The storied warrior-philosopher of the Edo Period. He was the most able pupil of Nakae Tôju 中江藤樹, the founder of the Yang-ming (Yômei陽明) school of philosophy in Japan. This "school of the mind" applied the introspectiveness of the school of mind to political theory in Japan following the Edo Period. This school seen as one in which the human mind is an embodying the principle of the universe, as opposed to the "school of principle".
Kumazawa's family was a ronin family, but at fifteen years of age he was able to take a position under Ikeda Mitsumasa, lord of Okayama in Bizen province. According to his own writing, he drilled dilligently in the martial arts with special zeal, determined to become a worthy samurai. He gave up eating rice so as not to take on weight, and refrained from contact with women for ten years. When he was stationed as a guard in the Ideda mansion at Edo he would practice in swordsmanship at night with a wooden sword (bokken). In order to maintain good physical condition he would run on rooftops of the outbuildings of the mansion, surprising those colleagues who noticed him and making them think he was possessed.
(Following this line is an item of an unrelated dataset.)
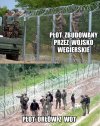 PIS wykorzysta każdą szansę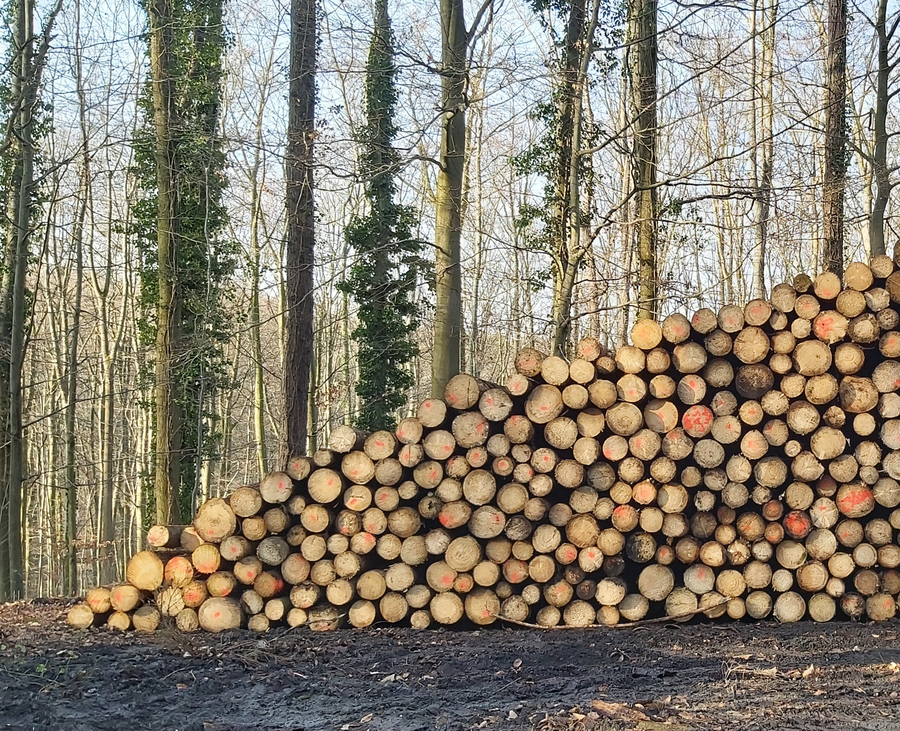 Rundholzlagerung im Winter im Siebengebirge.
He left Ikeda's service to study with Nakae, but re-entered it in 1647 and became chief minister and launched a spectacularly successful reform program. However, he made enemies among conservatives and was forced to resign in 1656, and was harassed sometimes after that. In 1687 he submitted a program of reform to the shogun, but it caused such a furor he was kept in custody or surveillance until he died.
Kumazawa Banzan served in a high administrative post and was assigned to study philosophical and economic problems in regards to samurai life. He condemned meaningless waste of rice and talent along with idleness among the samurai class. Banzan's goal was to reform the Japanese government by advocating the adoption of a political system based on merit rather than heredity and the employment of political principles to fit the situation. The Tokugawa regime in the end responded quite poorly to this idea, due to the fact that the shogunate was fixed in the hereditary ways.
- Tsunoda, Ryusaku, et. al., comp., Sources of Japanese Tradition, Columbia University Press, 1958.